Obama will also seinen Geheimdienst nicht an die Kette legen und die Reformen haben eher kosmetischen Charakter. Hat jemand etwas anderes erwartet? Und was ist eigentlich mit den Briten und deren Lauschereien? Fragt eigentlich mal jemand – sozusagen über den kurzen EU-Dienstweg – bei David Cameron nach, ob er seinem Geheimdienst das Spionieren verbieten wird? Die Antwort wäre die gleiche wie die von Obama.
Regierungen – egal welche – sind auf keinen Fall bereit, auf einen Geheimdienst, auf einen Nachrichtendienst, der ihnen direkt unterstellt ist und der sich weitgehend parlamentarischer und erst recht öffentlicher Kontrolle entzieht, zu verzichten. Sie werden sich dieses Instrument exekutiver Macht nicht wegnehmen lassen. Mehr zu wissen als der (politische) Gegner – darauf verzichtet keiner freiwillig.

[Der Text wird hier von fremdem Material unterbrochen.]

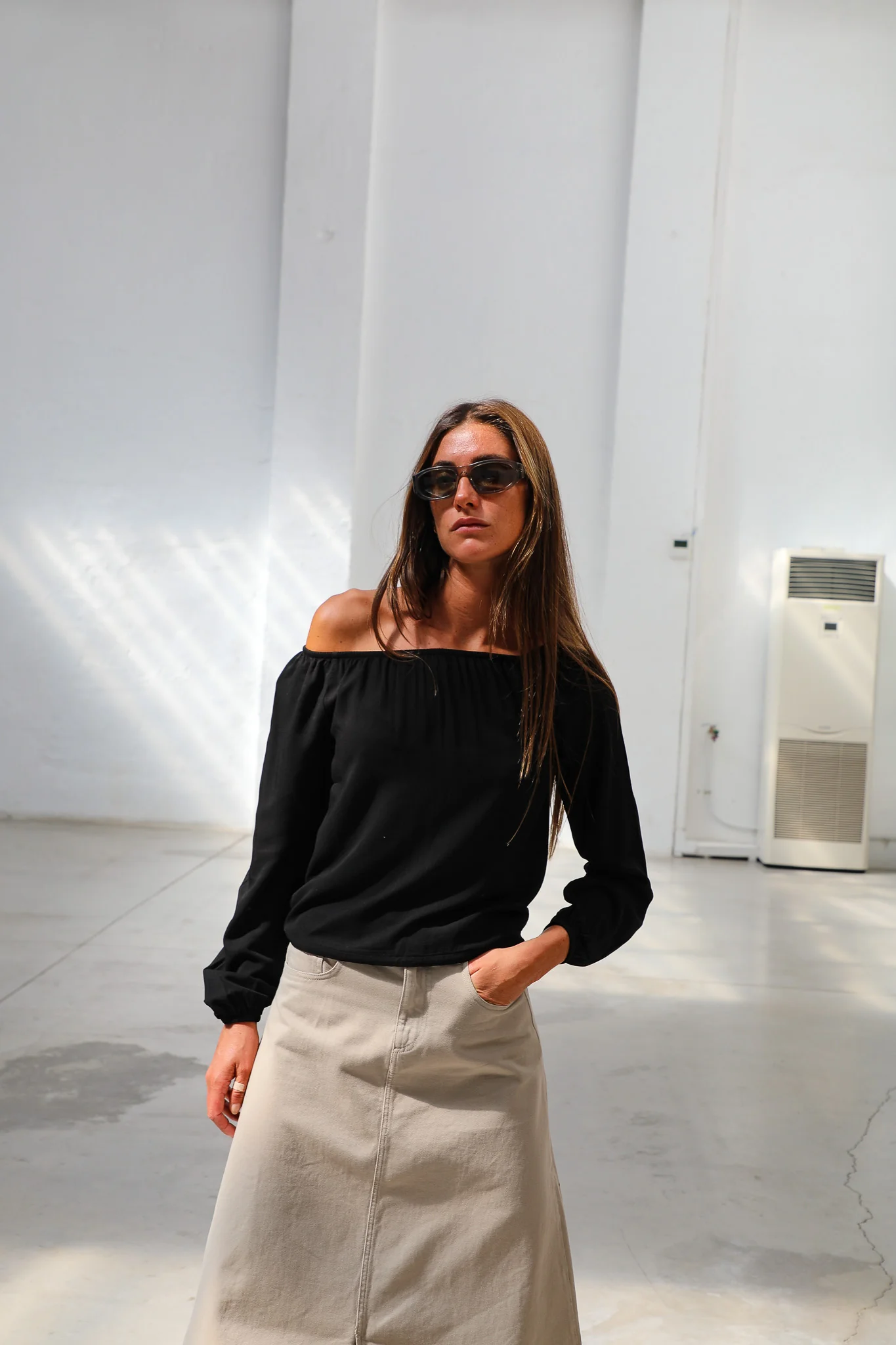 Off-Shoulder Tencel Blouse Black - Image 11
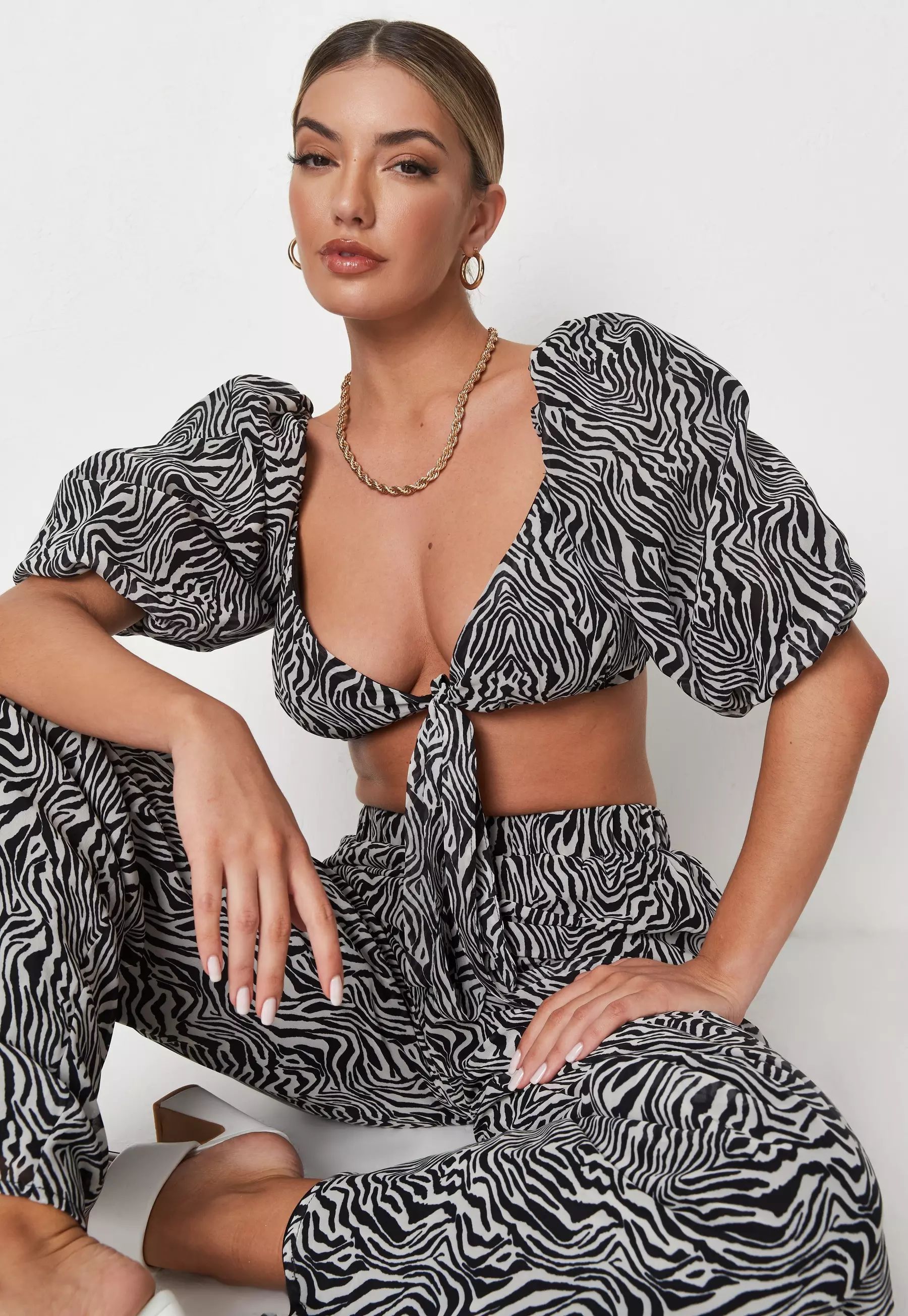 Black Co Ord Zebra Print Tie Front Milkmaid Bralette | Missguided (US & CA)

Die deutsche Bundes- und die Landesregierungen machen es übrigens nicht anders. Wir haben ja unseren eigenen Geheimdienstskandal, der sich in nur einem Vokal vom amerikanischen unterscheidet: die NSU-Affäre. Eine unglaubliche Aneinanderreihung von Unfähigkeiten und Ekligkeiten tritt dort zutage. Da gärt und fault es gewaltig in der geheimen Dunkelheit. Die Aufklärung ist unendlich schwierig, Verfassungsschutz und Regierung mauern, wo sie nur können. War man auf dem rechten Auge blind? Mag sein, aber die Unfähigkeit setzt sich ja nahtlos in der NSA-Affäre fort: internationale Geheimdienste spionieren offenbar an unseren Geheimdiensten, deren Aufgaben eben auch die Spionageabwehr ist, vorbei. Entweder war das Unfähigkeit oder man wusste davon und wollte nichts verhindern – was spätestens mit dem Abhören des Kanzlerhandys als unwahrscheinlich gelten darf.
Was für Konsequenzen folgen daraus? So gut wie keine. Oder anders gesagt: Genausoviel, wie Obama jetzt verspricht: kosmetische Veränderungen an den Geheimdiensten und am Führen von V-Leuten, hier und da werden Leute ausgewechselt, ein Geheimdienstinsider soll im Kanzleramt die Geheimdienste besser koordinieren (was auch immer das heißen mag) und das Parlamentarische Kontrollgremium soll (!) mehr Kompetenzen bekommen. Das System als solches wird hingegen kaum – abseits von Teilen der Grünen und Linken – in Frage gestellt. Die Auflösung der unnützen und sogar schädlichen Dienste wird nicht mal ernsthaft diskutiert. Eine Demokratrisierung, die durchgängige Transparenz – was faktisch einer Abschaffung von Geheimdiensten gleich käme – steht seitens der Regierung und der sie stützenden Parteien im Bundestag auch nicht zur Debatte. Auch das Nichtreagieren der Regierung in dieser Sache erklärt sich dadurch, dass man die Schnüffelei in der Tat nicht sooo schlimm findet und die ganze Aufregung in (Teilen) der Bevölkerung nicht nachvollziehen kann. Als Exekutive macht man das nämlich jeden Tag selbst und kriegt regelmäßig die Berichte zu lesen.
Die ganze Diskussion um die NSA ist unehrlich. Einerseits will man von Regierungsseite überhaupt keine Affäre sehen und hält alles für mehr oder weniger unbewiesene Behauptungen und nutzt dieses Argument ja auch, um zu erklären, warum man sich so handzahm gegenüber den USA gibt. Andererseits stellt man die eigenen Geheimdienste nicht in Frage, mault aber rum, wenn Obama seine Geheimdienste nicht einschränken will. Freiwillig wird keine Regierung ihr letztes unreguliertes und nahezu unkontrolliertes Spielzeug hergeben. Das werden wir als Bürger uns erstreiten und erkämpfen müssen.